There are Galton board simulators online already, and some are quite good. But I couldn’t find one that did everything I wanted. One had nice visuals but no statistics. Another let you adjust the bias but didn’t show Pascal’s Triangle. I kept switching between three different tools during prep and eventually thought: I’ll just combine them into one.

I’ve always felt statistical concepts land better when you can see them. You can prove the CLT on paper, sure. But watching 500 balls tumble through pegs and stack into a normal distribution does something a proof on a blackboard can’t.

What you can do with it

It’s live at galton.markheckmann.de. You can adjust the number of peg rows (1 to 25), bias the left/right probability, control the speed, and set the drop rate anywhere from one ball at a time to 10,000 per second. There are two visual modes: a clean path mode and a physics mode with gravity and ballistic arcs.
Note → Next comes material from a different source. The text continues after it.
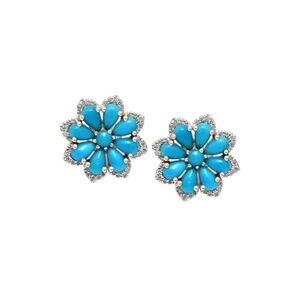 Liv Oliver Silver 12.75 ct. tw. Turquoise CZ Floral Studs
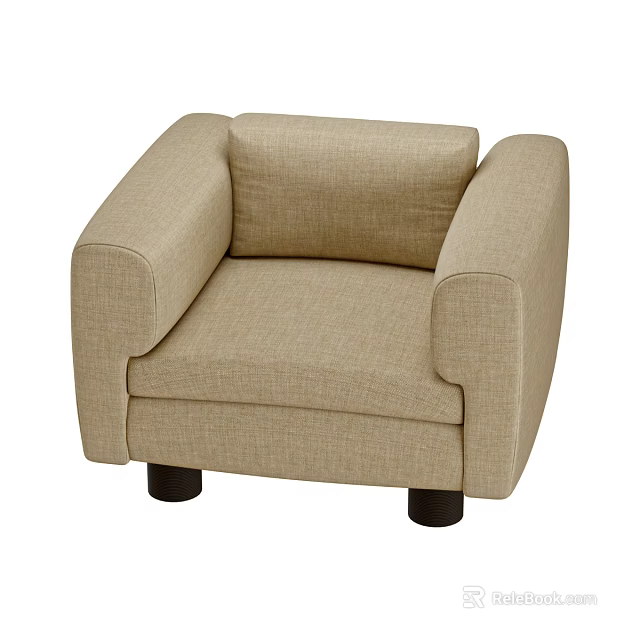Modern Beige Fabric Single Sofa with Armrest and Black Legs 3d model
You can highlight individual balls with color trails, overlay Pascal’s Triangle, and watch live statistics (mean, standard deviation, goodness of fit) update as balls settle.

Dark mode, fullscreen, shareable URLs with your settings baked in.

Fully vibe coded

I didn’t write a single line of JavaScript myself. The whole thing was vibe coded, built by describing what I wanted to Caude AI and going back and forth until it worked. I’m not a frontend developer. Two years ago I couldn’t have built this. That still kind of blows my mind.

Some things I noticed along the way

Getting the physics mode to feel right took more rounds than expected. Balls needed to arc naturally, bounce off pegs convincingly, settle into bins without jittering. Lots of “almost, but not quite” before it looked good.

It runs on vanilla JavaScript and HTML5 Canvas, no frameworks, no dependencies. I wanted it to load fast and work on the kind of classroom projectors that struggle with anything heavier.